States must set concrete targets for achieving gender equity in ICT access, skills and use, and for ensuring that online misogyny does not restrict women’s rights to free expression and association.
2. Public access to information and fundamental freedoms upheld, but how will this be implemented?
SDG 16 commits member states to “develop effective, accountable and transparent institutions at all levels”. Many groups, including the Web Foundation, see this as the most critical weapon to beat poverty. Although Goal 16 is disappointingly vague overall, it is given a little more bite by the pledge to “ensure public access to information and protect fundamental freedoms”.
In too many countries, secrecy, repression and intimidation are routinely used to prevent citizens holding governments or companies accountable. And, as our Web Index research shows, governments are increasingly moving to close down the new spaces that the internet has opened up for citizen engagement. When the rights to information, free expression and association are denied online or off, the internet becomes just another channel for politicians and elites to manipulate public opinion and spy on dissenters.
So the SDG commitment to access to information and fundamental freedoms is extremely important. But it must be translated into action at national level. We are calling for every country to follow Brazil’s example and develop a “bill of rights” for the internet to ensure that fundamental rights and freedoms are adequately protected online.
3. Call to increase the supply of timely, relevant data – but will it be open?
Without good data it will be impossible to allocate scarce taxpayer resources wisely to achieve the SDGs, or to measure progress. This is another area where digital tools can be a game-changer, and we’re pleased that the revised outcome document calls for more capacity-building support to developing countries to improve data availability.
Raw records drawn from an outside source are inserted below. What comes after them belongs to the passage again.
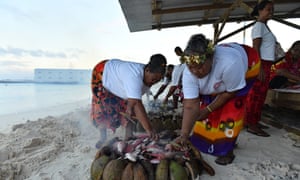 Locals cook fish on an umu, or traditional earth oven, by the lagoon in Funafuti. Groups across the island helped feed the delegates during the foruem.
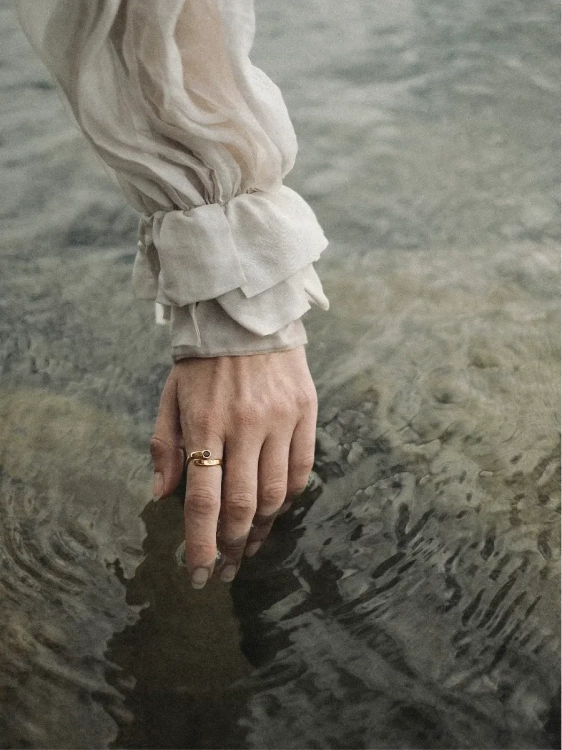 Adjustable gold-plated amber ring styled for everyday wear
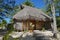 Wooden tropical bungalow with thatched roof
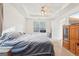 Spacious bedroom with ceiling fan and large window at 718 Grove Pointe Cir, Locust Grove, GA 30248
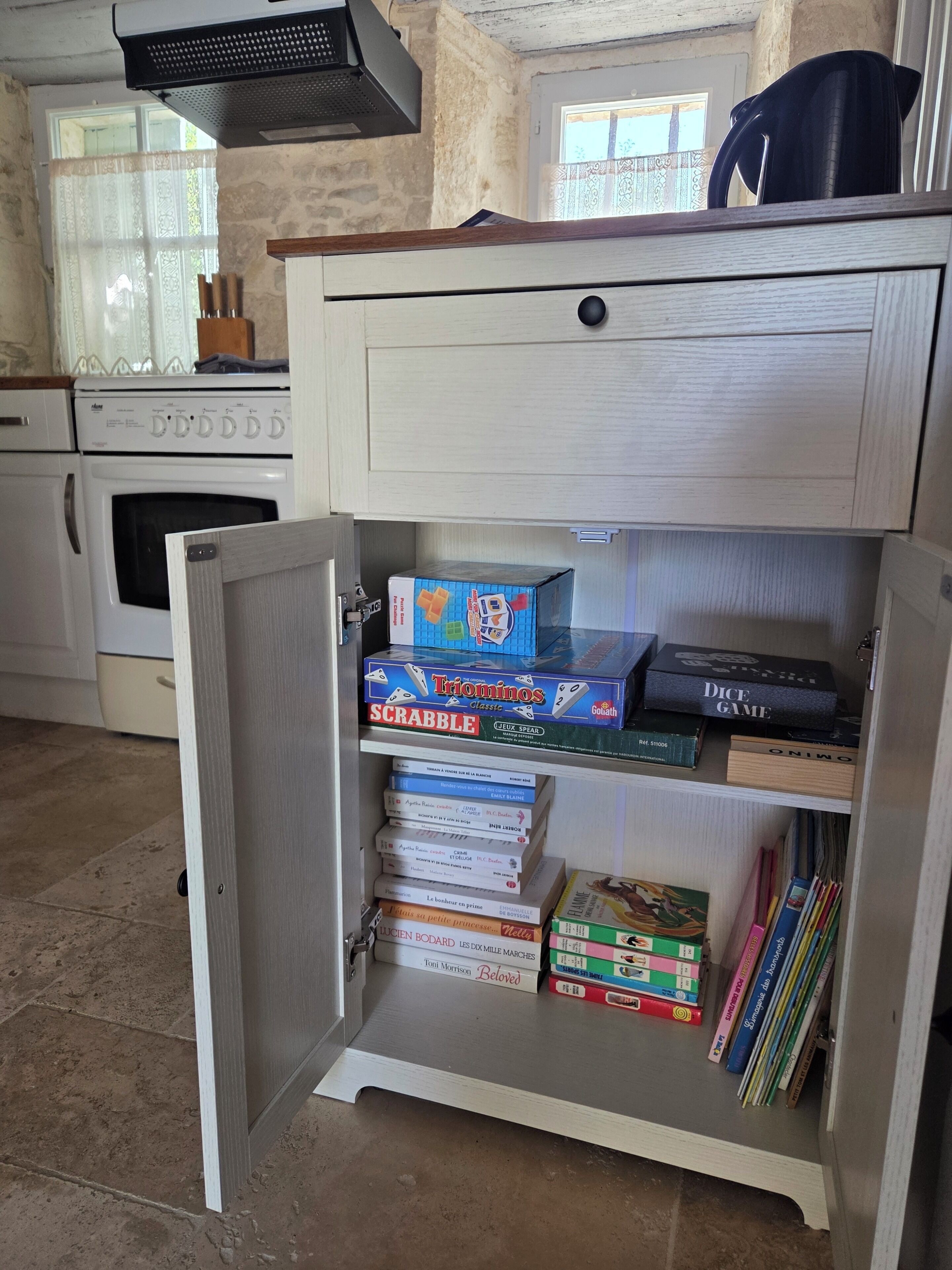 Una cocina con un armario empotrado que contiene juegos de mesa y libros.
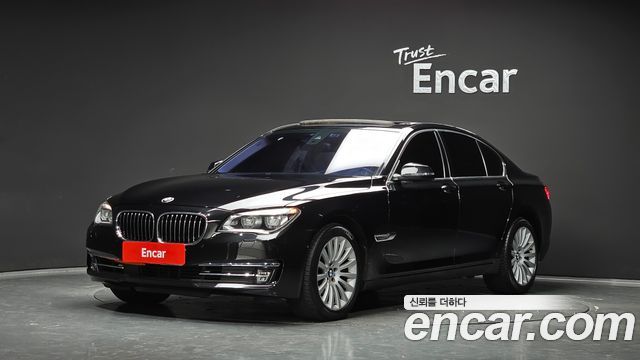 BMW 7-Series 2014 — photo 1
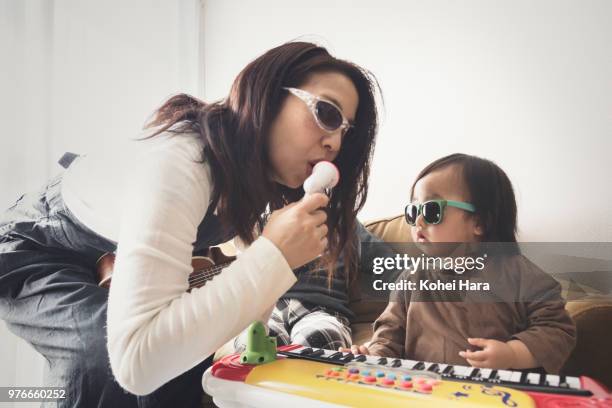 homemade rock band wearing toy sunglasses - quirky family stock-fotos und bilder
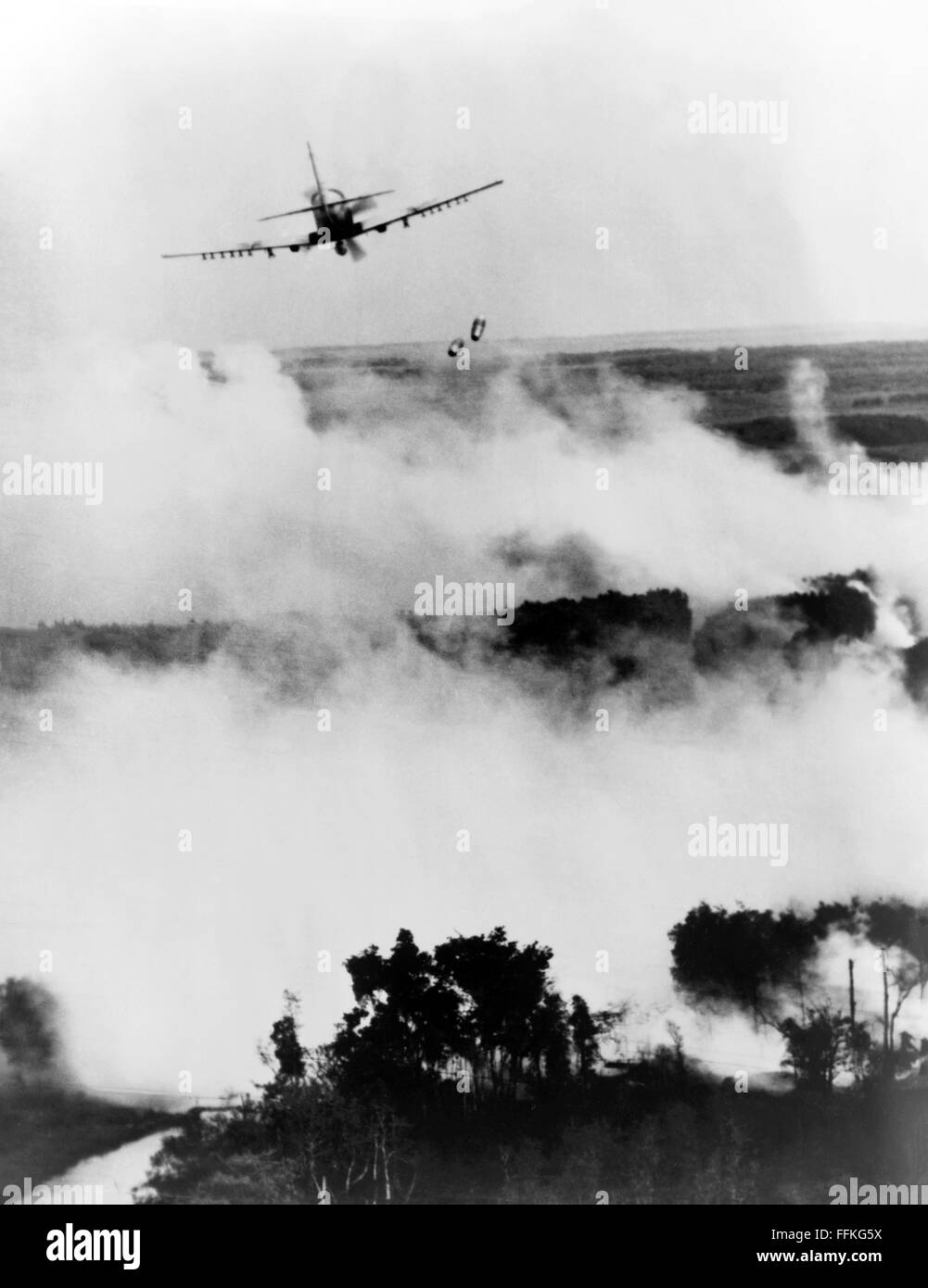 Vietnam War. Vietnamese Air Force A-1E Skyraider bombing a Viet Cong hideout near Cantho, South Vietnam during the Vietnam War. Photo c.1967 by USAF. Stock Photo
Yet, if data remains locked up in bureaucrats’ filing cabinets, citizens can’t use it to hold governments accountable or influence spending priorities. This has been recognised by the new Global Partnership for Sustainable Development Data, backed by the World Bank, the Gates Foundation and other major development actors. Yet, open data is not mentioned even once in the final SDG outcome document. The UN should follow the lead of the African Union, which stated in March 2015: “Official data belong to the people and should be open to all … by default ”
Conclusion
There is enormous potential for ICTs to help countries achieve the ambitious SDG agenda. However, ICTs are just that: tools for communication and information. They cannot do their part if governments stop some people from communicating or some information from flowing. More pressure from civil society, ICT for development advocates, governments and private sectors is needed if the real development magic of the internet – its power to give all citizens a say in how things are run – is to be unleashed in the fight to end poverty.